Restrictive covenant – Modification – Section 84(1)(a) and (c) of Law of Property Act 1925 – Restriction requiring consent of vendor to alterations – Modification sought to prohibit alterations or additions not in keeping with scale, design and character of neighbouring properties – Whether modification permissible where restriction obsolete owing to non-existence of vendor – Whether proposed restriction capable of enforcement – Application refused
The applicant owned a residential property that dated from 1923 and formed part of an extensive estate. The property was affected by a restrictive covenant, which was contained in a 1981 transfer between the estate company, as vendor, and the applicant’s predecessor in title, as purchaser. The covenant prohibited any alterations to be made to the property without the vendor’s prior written approval of the plans. In 1984, the estate company conveyed its remaining freehold interests in the estate to another company, since when it had been dissolved.

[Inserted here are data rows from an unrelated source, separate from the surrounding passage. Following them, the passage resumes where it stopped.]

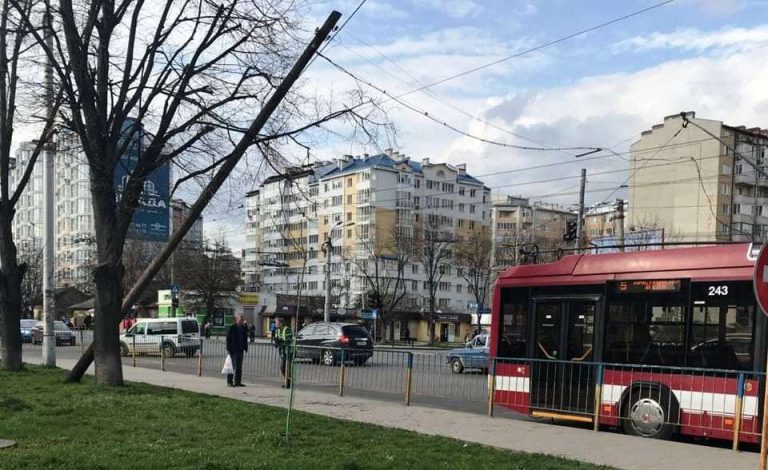 У Франківську змінився маршрут одразу чотирьох тролейбусів: що сталося? (ФОТО) 8 photo 2021 04 20 17 44 55 1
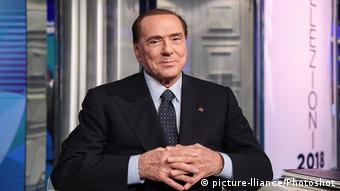 Italien Silvio Berlusconi Fernsehauftritt (picture-lliance/Photoshot)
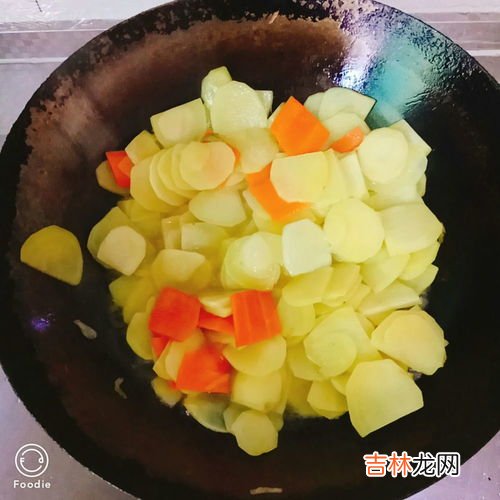地瓜萝卜能一起吃吗,地瓜跟萝卜可以一起吃吗
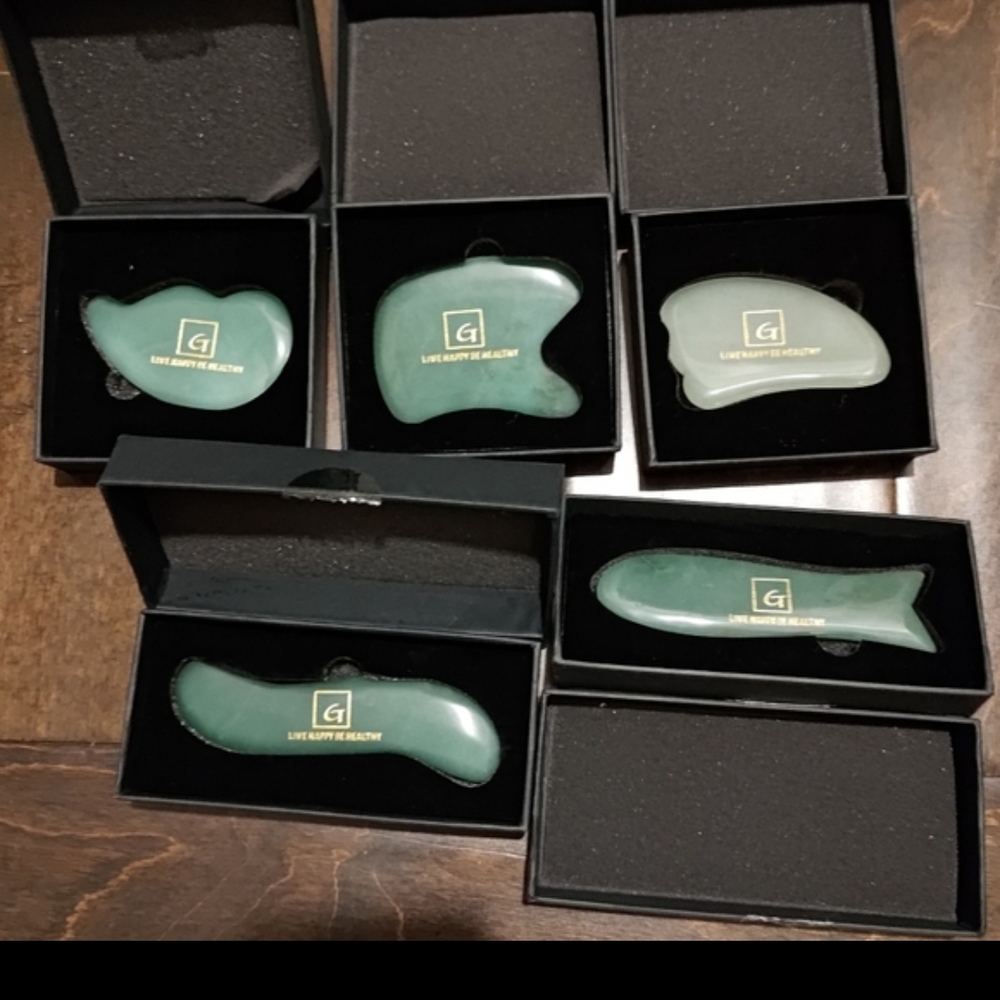 Source Unknown Green Massage Stones Set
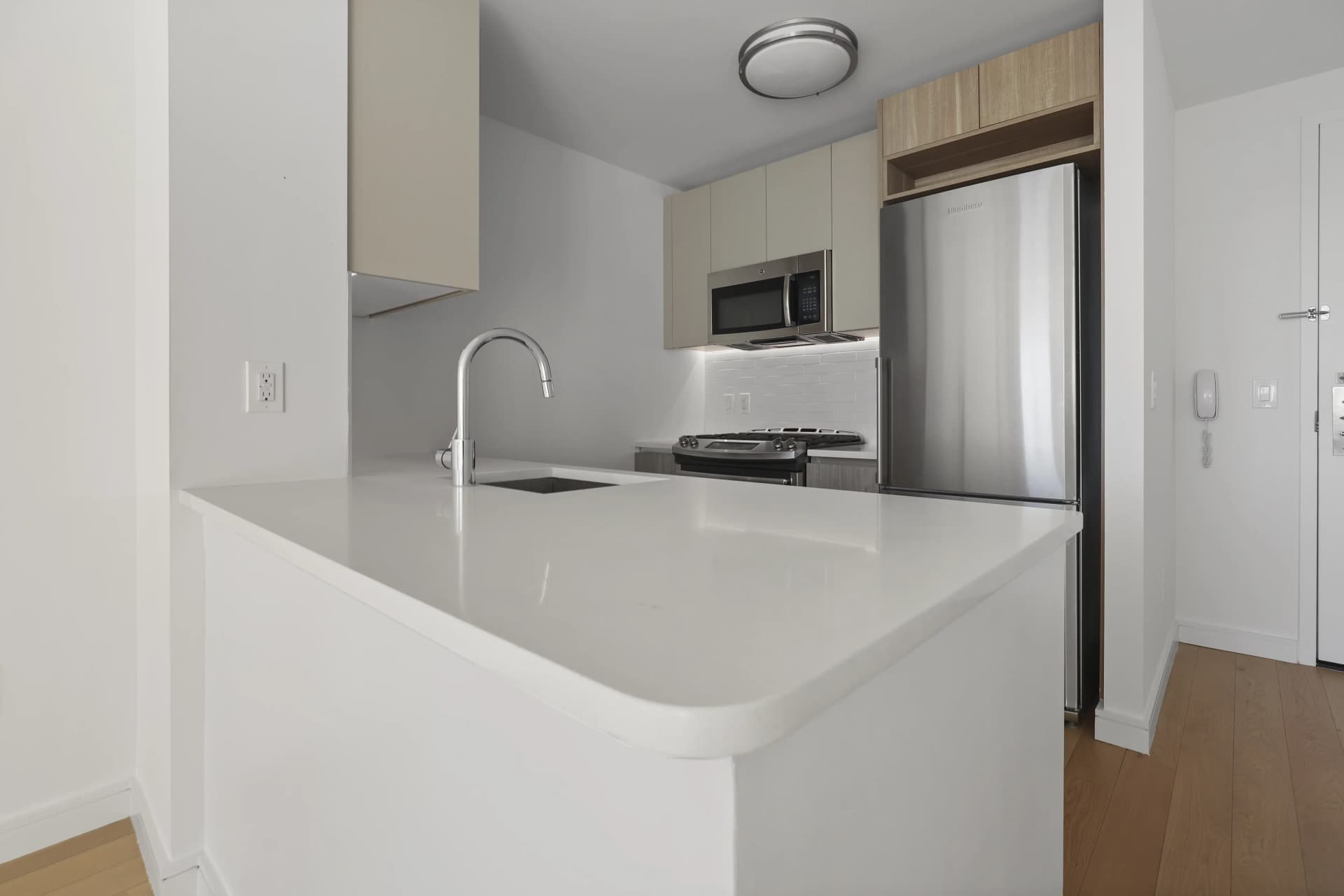 42-20 24 Street #028E, Queens, NY 11101 apartment_kitchen 1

The applicant wanted to ensure that the quality of the estate was upheld. She was concerned that the new company was demanding and receiving payments in return for the grant of approval for alterations to estate properties that were affected by similar covenants. In an application to modify the covenant, she relied on ground (a) of section 84(1) of the Law of Property Act 1925, that the restriction was obsolete, and on ground (c), that no injury would be suffered by any person entitled to the benefit of the covenant so far as it required the approval of plans by “the vendor”. She relied on the fact that the estate company no longer existed and submitted that the 1984 transfer had not been effective to give to the new company the power to enforce the restrictions on her property or on others to which similar restrictions applied. She sought to reword the covenant to prohibit alterations or additions that were not “in keeping with the scale, design and character of the neighbouring properties”. There were no objections to the application.
Held: The application was refused.
Assuming, in the absence of argument, that there was no “vendor” for the purposes of the restriction, the applicant’s application was problematical. Where a restriction prohibited works without the consent of a party that no longer existed, that restriction could be rendered absolute or obsolete, depending on the construction of the instrument in question: Crest Nicholson Residential (South) Ltd v McAllister [2002] EWHC 2443 (Ch); [2003] 1 EGLR 165 applied. If, on a proper construction of the transfer, the restriction had become absolute, it was not obsolete; if it no longer applied, it was difficult to see how it could properly be modified so as to revive it. Neither of those effects assisted the applicant, who sought a modification that required alterations to be in keeping with the estate and prohibited redevelopment.
Moreover, it would be inappropriate for the tribunal to impose the proposed modification. The applicant’s suggested formulation would present insuperable problems of enforcement. What might or might not be in keeping would effectively be a subjective judgment on which different views could reasonably be held. In the absence of an arbiter of what was in keeping, the provision was so fraught with potential problems of implementation that it should not be imposed. It would not be appropriate for the tribunal, in the exercise of its discretion, to impose a new restriction that could give rise to disagreement and possible litigation.
The applicant appeared in person; there were no objectors.